One approach would be to split things up when invalidating the states. In the longer term, I do think we want to think about reworking how states are applied, but it'll likely be a bit involved.
Heh, I was writing a reply mostly along the same lines. It doesn't add much at this point but here it is anyway...
- for (i = 0, dirty_idx = 0; i < context->numDirtyEntries; ++i) { DWORD rep = context->dirtyArray[i];
DWORD idx = rep / (sizeof(*context->isStateDirty) * CHAR_BIT);
BYTE shift = rep & ((sizeof(*context->isStateDirty) * CHAR_BIT) - 1);
context->isStateDirty[idx] &= ~(1u << shift);
state_table[rep].apply(context, state, rep);
if (!is_compute_state(rep))
apply_state(context, state_table, state, rep);
else
context->dirtyArray[dirty_idx++] = rep;
...
Applying just necessary states may also avoid unnecessary work, but this shouldn't matter much in practice.

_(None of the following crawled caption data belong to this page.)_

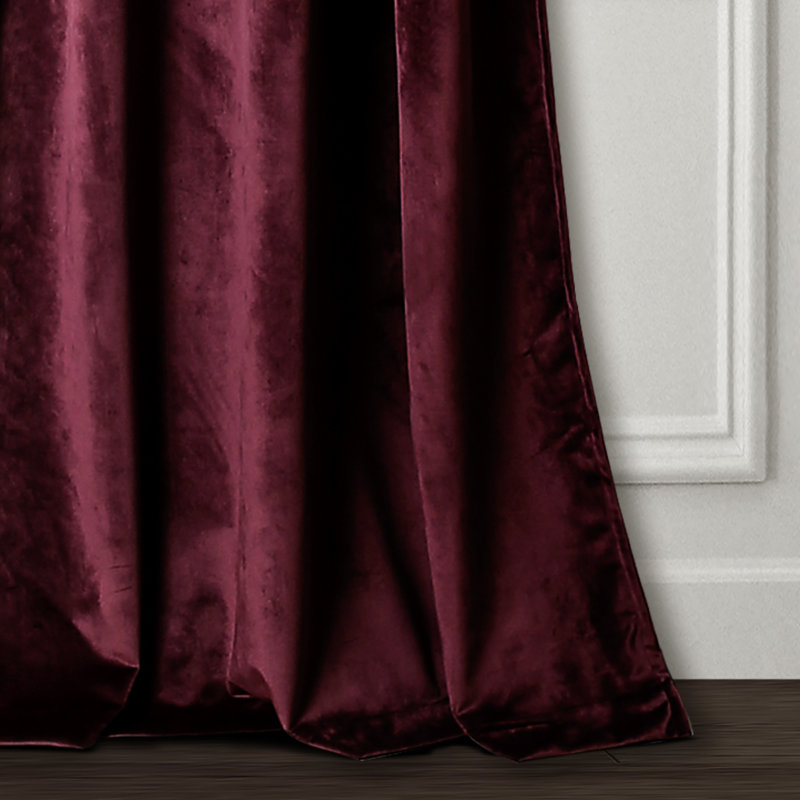 Prima Plum Velvet Room Darkening Curtain Pair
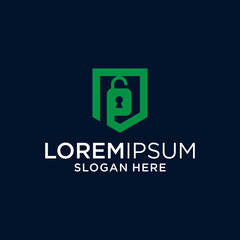 Green Padlock Inside Shield Logo on Dark Background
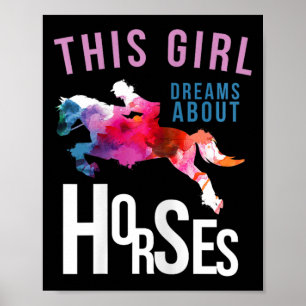 Poster Cette Fille Rêve De Chevaux - Cheval Jumping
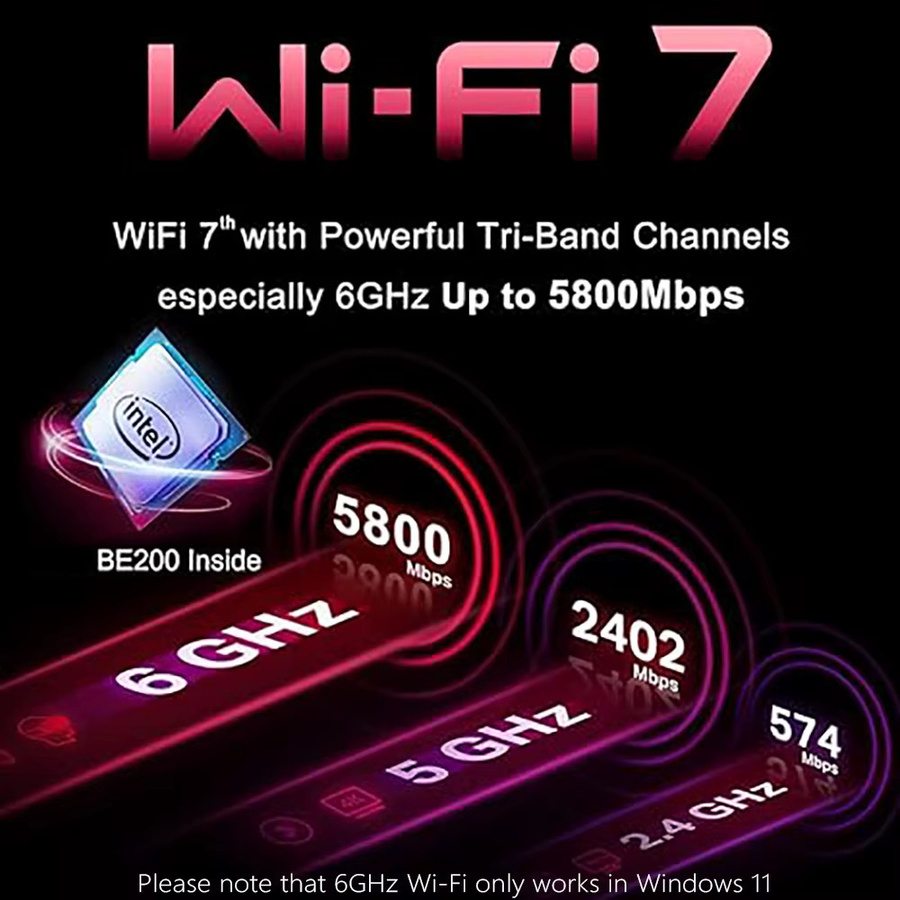 TelDaykemei Wi-Fi 7 BE200 WLAN-Karte mit Bluetooth 5.4, Tri-Band 2,4/5/6 GHz, 5,8 Gbit/s für Windows 11 PC und Laptop - Bild 3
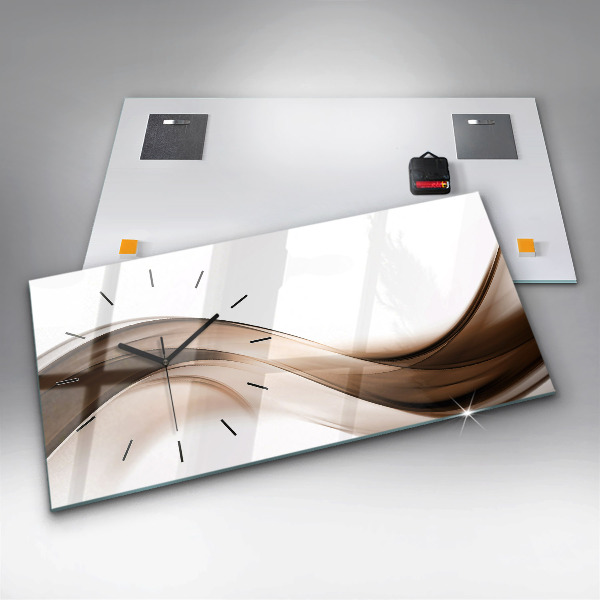 Glass wall clock rectangular Abstraction line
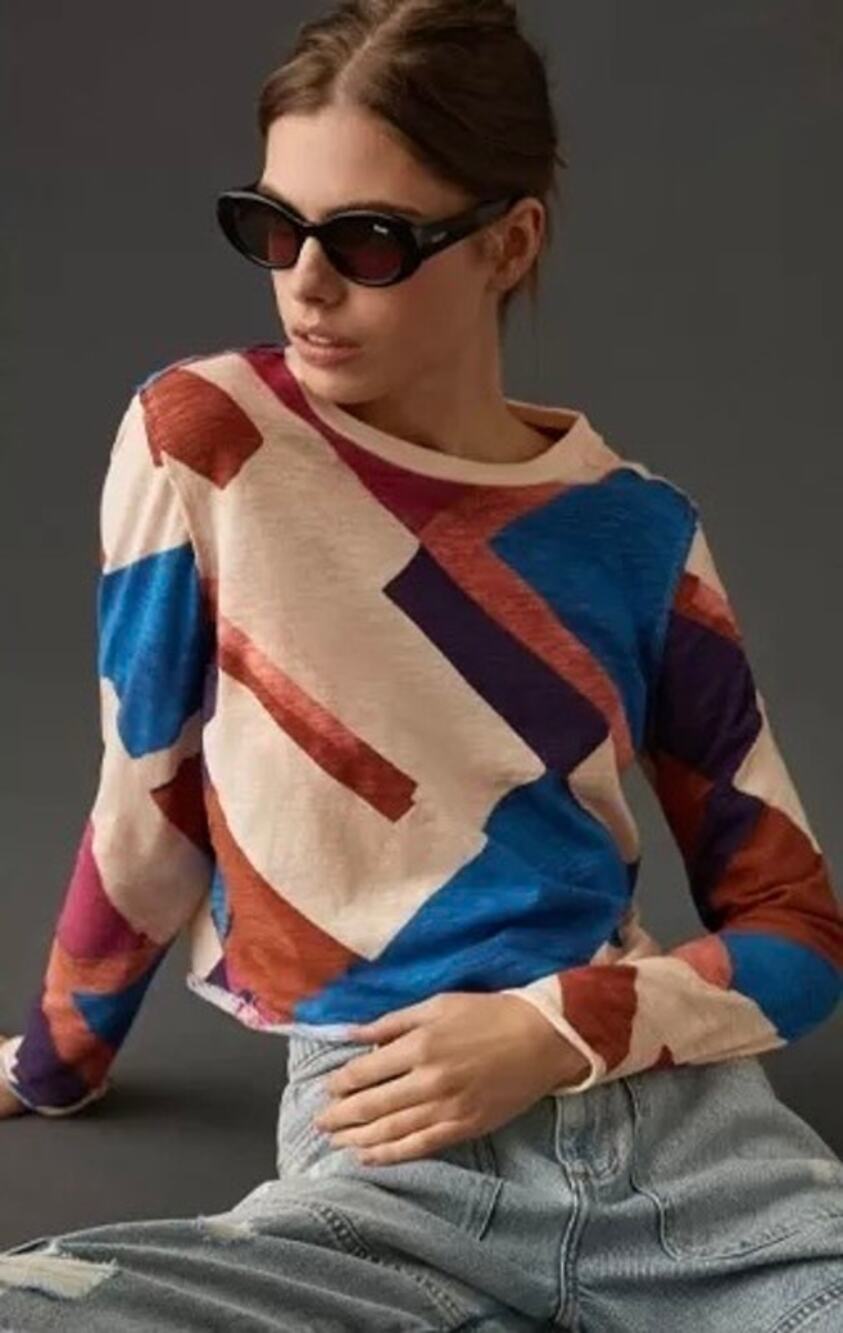Maeve Anthropologie Abstract Geometric Long Sleeve Printed Tee Size Small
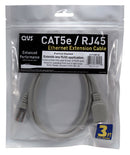 QVS CC712MF-01 1ft 350MHz CAT5e Ethernet/Telco PortSaver Shielded Gray Patch Cord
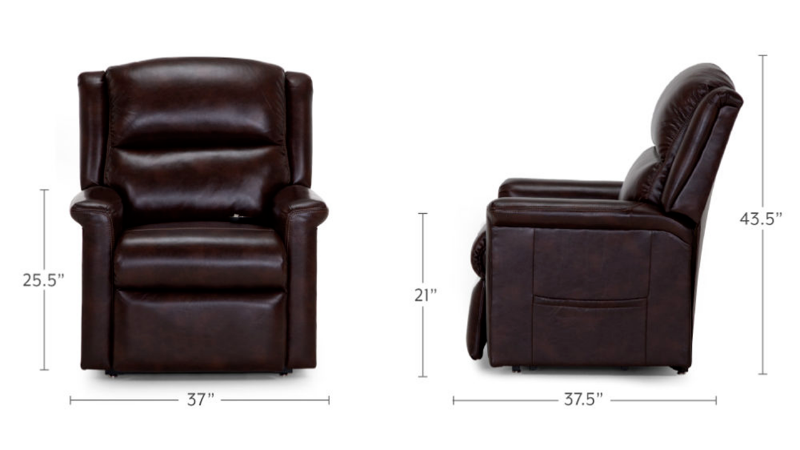 Dimension Details of the Province Lift Recliner in Brown by Franklin | Home Furniture Plus Bedding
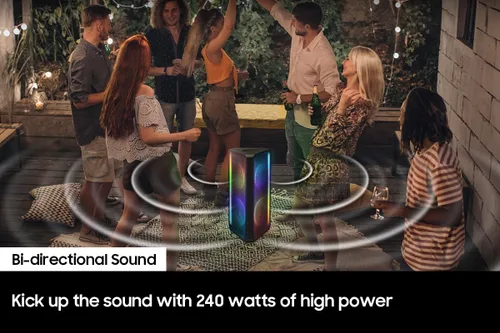Miniatura 2 de Torre de sonido Samsung MX-ST50B de alta potencia, altavoz de pie de 240W, sonido bidireccional, batería incorporada, resistente al agua IPX5, Party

It shouldn't but it might, I'd not be surprised to see applications change a bunch of draw states before a compute dispatch and change them again before the eventual draw. We've seen similar things before.
Doing it like this does look a bit ugly though. What about changing the dirty flags side instead, so that compute shader states don't end up in isStateDirty / dirtyArray but in their own data structures?